# [Task statement]
Go through the entries below from the first line and transcribe each one exactly, ending with the line that contains "Gesture Chair / White Oiled Oak".

Top of Material for this exercise

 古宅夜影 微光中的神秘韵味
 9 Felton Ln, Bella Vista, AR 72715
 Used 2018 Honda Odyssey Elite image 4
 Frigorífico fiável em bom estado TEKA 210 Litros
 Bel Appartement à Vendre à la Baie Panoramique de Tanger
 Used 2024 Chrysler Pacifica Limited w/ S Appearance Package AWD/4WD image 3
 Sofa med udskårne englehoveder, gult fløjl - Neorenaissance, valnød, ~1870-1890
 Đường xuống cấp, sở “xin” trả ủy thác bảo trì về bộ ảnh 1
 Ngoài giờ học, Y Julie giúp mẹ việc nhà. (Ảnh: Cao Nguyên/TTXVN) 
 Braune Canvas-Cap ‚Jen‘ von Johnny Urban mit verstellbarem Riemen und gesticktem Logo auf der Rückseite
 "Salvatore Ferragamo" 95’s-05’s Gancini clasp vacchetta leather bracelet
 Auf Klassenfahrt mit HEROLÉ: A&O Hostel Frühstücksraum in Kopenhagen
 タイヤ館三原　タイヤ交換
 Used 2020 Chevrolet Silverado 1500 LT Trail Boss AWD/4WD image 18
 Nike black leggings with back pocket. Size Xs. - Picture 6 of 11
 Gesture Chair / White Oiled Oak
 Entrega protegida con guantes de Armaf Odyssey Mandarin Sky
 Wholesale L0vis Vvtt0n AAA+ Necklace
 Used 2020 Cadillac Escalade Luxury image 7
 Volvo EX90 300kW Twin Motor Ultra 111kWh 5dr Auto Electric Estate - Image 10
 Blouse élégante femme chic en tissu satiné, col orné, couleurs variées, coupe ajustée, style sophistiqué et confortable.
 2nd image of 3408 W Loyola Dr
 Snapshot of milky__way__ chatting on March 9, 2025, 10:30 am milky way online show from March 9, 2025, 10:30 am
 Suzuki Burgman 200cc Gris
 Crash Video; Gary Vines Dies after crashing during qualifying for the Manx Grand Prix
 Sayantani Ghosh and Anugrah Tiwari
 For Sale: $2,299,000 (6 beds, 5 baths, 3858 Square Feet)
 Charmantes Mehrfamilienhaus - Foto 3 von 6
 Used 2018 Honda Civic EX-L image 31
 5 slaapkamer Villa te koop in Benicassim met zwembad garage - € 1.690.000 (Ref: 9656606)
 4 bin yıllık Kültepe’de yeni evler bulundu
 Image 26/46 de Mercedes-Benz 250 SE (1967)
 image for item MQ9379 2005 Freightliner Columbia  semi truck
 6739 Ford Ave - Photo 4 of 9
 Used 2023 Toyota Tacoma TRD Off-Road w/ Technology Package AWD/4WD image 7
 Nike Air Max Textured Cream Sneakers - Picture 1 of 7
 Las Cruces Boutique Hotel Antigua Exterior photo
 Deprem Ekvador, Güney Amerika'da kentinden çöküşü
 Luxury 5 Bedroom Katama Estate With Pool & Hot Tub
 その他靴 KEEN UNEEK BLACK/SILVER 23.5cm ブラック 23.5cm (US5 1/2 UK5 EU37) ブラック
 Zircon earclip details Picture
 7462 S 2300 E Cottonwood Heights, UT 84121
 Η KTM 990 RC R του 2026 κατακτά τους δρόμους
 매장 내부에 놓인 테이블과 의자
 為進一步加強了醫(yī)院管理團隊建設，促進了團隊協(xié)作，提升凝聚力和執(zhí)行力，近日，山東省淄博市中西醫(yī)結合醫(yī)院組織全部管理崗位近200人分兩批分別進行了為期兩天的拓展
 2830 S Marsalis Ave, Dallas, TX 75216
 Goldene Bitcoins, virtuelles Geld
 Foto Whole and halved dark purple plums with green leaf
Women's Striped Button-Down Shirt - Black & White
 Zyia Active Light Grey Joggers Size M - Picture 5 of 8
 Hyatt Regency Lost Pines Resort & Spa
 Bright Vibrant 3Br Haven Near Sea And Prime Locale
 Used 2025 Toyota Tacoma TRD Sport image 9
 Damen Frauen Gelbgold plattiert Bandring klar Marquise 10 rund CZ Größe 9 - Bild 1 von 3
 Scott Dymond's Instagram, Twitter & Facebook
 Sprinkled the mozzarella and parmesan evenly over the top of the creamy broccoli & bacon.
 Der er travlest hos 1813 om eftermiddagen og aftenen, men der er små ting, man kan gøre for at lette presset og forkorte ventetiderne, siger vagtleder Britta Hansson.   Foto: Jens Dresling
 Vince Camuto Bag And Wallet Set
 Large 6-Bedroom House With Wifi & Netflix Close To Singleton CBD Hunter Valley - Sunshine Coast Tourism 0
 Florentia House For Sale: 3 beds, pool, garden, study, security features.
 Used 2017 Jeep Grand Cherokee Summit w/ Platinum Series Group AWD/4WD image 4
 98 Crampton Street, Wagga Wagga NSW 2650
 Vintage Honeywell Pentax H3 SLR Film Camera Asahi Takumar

Bottom of Material for this exercise

# [Written answer]
 古宅夜影 微光中的神秘韵味
 9 Felton Ln, Bella Vista, AR 72715
 Used 2018 Honda Odyssey Elite image 4
 Frigorífico fiável em bom estado TEKA 210 Litros
 Bel Appartement à Vendre à la Baie Panoramique de Tanger
 Used 2024 Chrysler Pacifica Limited w/ S Appearance Package AWD/4WD image 3
 Sofa med udskårne englehoveder, gult fløjl - Neorenaissance, valnød, ~1870-1890
 Đường xuống cấp, sở “xin” trả ủy thác bảo trì về bộ ảnh 1
 Ngoài giờ học, Y Julie giúp mẹ việc nhà. (Ảnh: Cao Nguyên/TTXVN) 
 Braune Canvas-Cap ‚Jen‘ von Johnny Urban mit verstellbarem Riemen und gesticktem Logo auf der Rückseite
 "Salvatore Ferragamo" 95’s-05’s Gancini clasp vacchetta leather bracelet
 Auf Klassenfahrt mit HEROLÉ: A&O Hostel Frühstücksraum in Kopenhagen
 タイヤ館三原　タイヤ交換
 Used 2020 Chevrolet Silverado 1500 LT Trail Boss AWD/4WD image 18
 Nike black leggings with back pocket. Size Xs. - Picture 6 of 11
 Gesture Chair / White Oiled Oak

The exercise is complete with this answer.